◆ What the task asks: Return only the lines of the listing below that run from the line with "Rosemary aromatherapy. Essential" through the line with "May include: A", both ends included, exactly as written.

◆ Input records:
###
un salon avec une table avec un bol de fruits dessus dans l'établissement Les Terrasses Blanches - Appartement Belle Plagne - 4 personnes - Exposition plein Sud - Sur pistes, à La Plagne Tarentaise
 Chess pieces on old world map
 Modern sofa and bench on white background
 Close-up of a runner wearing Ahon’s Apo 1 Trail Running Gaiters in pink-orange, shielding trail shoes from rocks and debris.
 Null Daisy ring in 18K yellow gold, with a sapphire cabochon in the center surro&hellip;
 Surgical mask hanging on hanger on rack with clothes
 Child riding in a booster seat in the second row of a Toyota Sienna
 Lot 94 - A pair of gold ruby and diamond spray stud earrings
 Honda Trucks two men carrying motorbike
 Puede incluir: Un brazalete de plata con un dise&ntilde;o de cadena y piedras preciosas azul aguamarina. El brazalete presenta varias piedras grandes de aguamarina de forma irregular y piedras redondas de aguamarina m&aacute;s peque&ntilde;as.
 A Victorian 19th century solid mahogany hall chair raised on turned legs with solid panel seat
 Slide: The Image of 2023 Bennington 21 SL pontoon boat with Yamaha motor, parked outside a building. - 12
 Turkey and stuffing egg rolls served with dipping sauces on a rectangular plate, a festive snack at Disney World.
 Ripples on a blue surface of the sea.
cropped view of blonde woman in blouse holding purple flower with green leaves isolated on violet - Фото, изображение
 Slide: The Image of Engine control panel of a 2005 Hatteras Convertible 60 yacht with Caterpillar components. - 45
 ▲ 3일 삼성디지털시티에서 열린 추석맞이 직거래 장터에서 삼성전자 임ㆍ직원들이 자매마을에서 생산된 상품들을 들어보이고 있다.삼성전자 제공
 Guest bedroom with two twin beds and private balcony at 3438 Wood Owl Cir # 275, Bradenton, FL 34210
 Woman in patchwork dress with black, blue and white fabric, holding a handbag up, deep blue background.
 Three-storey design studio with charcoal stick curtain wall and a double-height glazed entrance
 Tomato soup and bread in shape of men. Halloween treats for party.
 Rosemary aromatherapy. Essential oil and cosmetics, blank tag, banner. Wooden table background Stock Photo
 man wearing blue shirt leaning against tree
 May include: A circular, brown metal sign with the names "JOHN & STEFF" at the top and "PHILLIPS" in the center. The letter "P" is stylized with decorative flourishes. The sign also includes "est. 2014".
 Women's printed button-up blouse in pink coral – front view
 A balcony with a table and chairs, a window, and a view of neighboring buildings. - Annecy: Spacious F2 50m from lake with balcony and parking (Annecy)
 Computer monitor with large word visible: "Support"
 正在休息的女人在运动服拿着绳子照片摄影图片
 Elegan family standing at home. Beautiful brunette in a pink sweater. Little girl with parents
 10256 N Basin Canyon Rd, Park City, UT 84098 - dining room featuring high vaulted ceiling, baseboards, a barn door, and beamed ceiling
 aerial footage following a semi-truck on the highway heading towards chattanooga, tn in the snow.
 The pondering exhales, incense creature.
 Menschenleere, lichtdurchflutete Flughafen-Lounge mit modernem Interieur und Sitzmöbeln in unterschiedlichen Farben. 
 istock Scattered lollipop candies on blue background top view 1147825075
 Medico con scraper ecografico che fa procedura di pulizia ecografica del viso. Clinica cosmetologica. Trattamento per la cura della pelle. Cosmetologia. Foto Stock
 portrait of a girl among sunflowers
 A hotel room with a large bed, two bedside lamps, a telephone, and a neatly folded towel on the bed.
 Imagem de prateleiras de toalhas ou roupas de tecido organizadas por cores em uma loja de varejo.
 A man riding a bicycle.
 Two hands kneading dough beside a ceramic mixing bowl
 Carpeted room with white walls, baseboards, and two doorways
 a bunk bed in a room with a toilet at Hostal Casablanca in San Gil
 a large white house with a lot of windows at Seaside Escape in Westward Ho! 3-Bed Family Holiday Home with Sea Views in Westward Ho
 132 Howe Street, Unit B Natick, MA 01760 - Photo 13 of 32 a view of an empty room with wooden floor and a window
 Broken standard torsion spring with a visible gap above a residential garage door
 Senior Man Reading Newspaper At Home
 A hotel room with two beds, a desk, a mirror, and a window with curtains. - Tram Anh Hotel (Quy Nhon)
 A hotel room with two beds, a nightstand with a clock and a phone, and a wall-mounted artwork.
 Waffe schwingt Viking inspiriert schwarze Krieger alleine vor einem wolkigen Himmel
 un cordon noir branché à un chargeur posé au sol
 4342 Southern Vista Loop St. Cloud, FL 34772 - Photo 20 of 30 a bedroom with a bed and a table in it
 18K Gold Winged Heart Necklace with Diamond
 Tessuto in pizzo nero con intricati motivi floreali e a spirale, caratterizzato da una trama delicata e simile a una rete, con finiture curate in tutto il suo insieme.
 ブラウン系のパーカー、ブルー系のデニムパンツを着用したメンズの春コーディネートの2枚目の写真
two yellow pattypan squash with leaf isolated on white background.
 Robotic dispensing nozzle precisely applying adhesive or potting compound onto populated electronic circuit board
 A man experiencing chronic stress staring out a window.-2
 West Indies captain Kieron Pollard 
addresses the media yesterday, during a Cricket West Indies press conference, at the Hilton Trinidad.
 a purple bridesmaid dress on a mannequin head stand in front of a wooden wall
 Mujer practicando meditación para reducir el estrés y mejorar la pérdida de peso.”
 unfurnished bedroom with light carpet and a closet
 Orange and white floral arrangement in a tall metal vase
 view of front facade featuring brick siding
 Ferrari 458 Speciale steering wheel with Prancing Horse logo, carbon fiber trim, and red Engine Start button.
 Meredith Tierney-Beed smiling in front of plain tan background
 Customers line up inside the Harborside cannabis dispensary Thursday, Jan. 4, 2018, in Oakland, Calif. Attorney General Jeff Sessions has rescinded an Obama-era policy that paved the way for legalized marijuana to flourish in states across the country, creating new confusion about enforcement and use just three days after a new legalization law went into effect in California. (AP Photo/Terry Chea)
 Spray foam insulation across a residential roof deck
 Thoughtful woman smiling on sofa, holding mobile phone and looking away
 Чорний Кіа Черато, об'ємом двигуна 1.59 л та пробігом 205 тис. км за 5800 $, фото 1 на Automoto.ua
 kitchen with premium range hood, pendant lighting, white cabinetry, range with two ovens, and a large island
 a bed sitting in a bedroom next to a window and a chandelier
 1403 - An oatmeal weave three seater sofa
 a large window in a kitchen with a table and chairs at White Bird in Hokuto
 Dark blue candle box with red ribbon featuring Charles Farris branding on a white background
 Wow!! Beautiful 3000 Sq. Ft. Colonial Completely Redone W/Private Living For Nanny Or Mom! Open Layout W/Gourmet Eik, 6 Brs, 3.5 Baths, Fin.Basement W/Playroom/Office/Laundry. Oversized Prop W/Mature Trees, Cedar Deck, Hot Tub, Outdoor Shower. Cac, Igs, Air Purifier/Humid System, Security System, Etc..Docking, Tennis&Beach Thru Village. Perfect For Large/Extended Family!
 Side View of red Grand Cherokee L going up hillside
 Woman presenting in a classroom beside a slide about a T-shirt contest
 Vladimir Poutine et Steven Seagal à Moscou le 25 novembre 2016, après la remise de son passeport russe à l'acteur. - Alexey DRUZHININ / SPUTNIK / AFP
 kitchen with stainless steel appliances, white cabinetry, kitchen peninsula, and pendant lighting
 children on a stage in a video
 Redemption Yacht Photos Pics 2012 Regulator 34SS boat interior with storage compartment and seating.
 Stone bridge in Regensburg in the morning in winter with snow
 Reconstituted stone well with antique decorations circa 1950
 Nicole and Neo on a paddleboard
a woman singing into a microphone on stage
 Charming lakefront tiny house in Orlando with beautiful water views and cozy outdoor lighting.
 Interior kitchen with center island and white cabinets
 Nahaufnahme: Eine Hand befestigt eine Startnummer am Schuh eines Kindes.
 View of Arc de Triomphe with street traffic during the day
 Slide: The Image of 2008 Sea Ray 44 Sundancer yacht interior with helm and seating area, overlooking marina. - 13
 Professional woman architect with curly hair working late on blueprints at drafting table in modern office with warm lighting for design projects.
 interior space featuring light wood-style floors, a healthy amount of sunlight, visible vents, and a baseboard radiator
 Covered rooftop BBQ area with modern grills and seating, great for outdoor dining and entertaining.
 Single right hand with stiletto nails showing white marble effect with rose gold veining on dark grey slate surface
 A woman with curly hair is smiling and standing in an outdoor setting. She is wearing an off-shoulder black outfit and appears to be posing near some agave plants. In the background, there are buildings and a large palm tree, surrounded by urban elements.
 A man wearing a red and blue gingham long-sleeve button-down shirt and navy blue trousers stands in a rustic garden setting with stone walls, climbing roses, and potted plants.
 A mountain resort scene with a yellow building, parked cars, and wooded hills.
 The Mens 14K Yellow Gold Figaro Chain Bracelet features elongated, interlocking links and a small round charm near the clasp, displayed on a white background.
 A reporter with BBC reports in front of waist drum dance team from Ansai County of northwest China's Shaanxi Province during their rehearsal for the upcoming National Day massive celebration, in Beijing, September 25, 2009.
###
◆ Exercise answer:
 Rosemary aromatherapy. Essential oil and cosmetics, blank tag, banner. Wooden table background Stock Photo
 man wearing blue shirt leaning against tree
 May include: A circular, brown metal sign with the names "JOHN & STEFF" at the top and "PHILLIPS" in the center. The letter "P" is stylized with decorative flourishes. The sign also includes "est. 2014".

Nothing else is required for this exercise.